Start of Given material

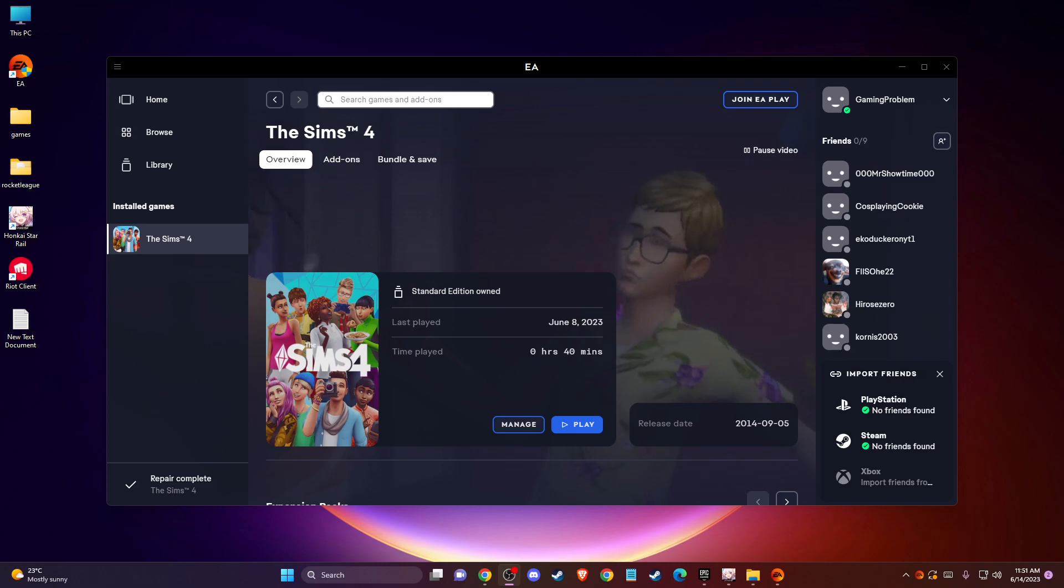Hey guys, in this video I will show you how you can fix Sims 4 is not launching on your PC.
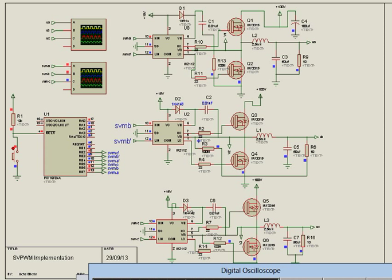Welcome. Space vector modulation inverter is a very popular topic in power electronics. It is simply a type of inverter that employs the state-of-the-art modulation scheme for generating a pure sine wave.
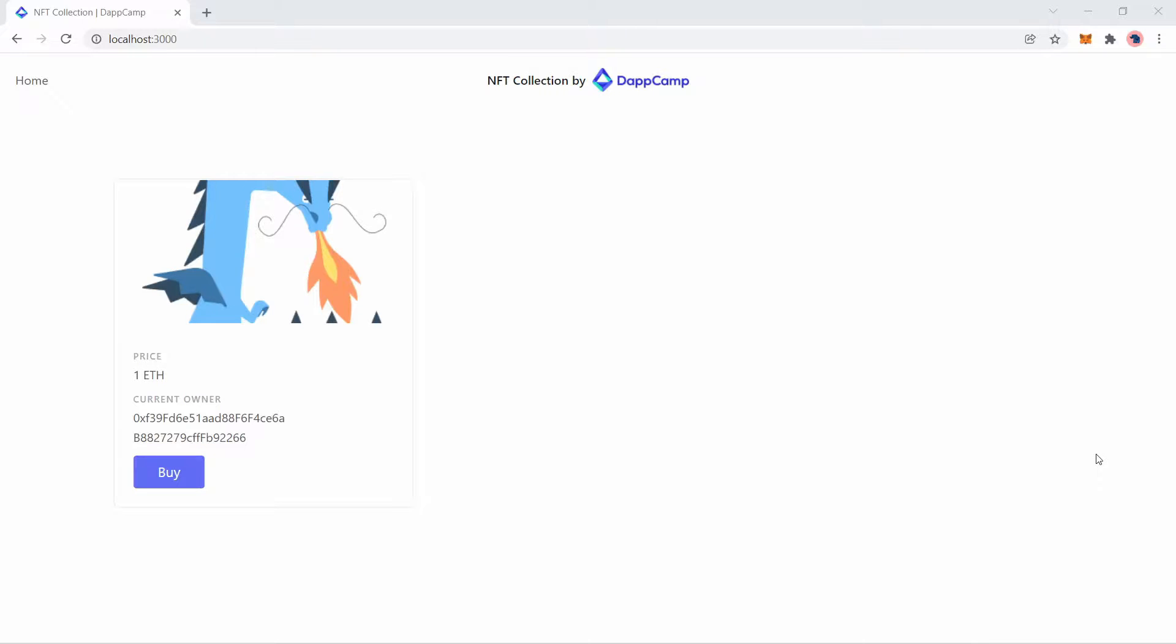Welcome back. In this video, I will show you how to quickly resolve the nonce too high issue that sometimes happens when you try to interact with a smart contract.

End of Given material

▶ Task to complete: Aside from its pictures, the listing must be given again in full, exactly as it appears.

▶ Output below:
Hey guys, in this video I will show you how you can fix Sims 4 is not launching on your PC.
Welcome. Space vector modulation inverter is a very popular topic in power electronics. It is simply a type of inverter that employs the state-of-the-art modulation scheme for generating a pure sine wave.
Welcome back. In this video, I will show you how to quickly resolve the nonce too high issue that sometimes happens when you try to interact with a smart contract.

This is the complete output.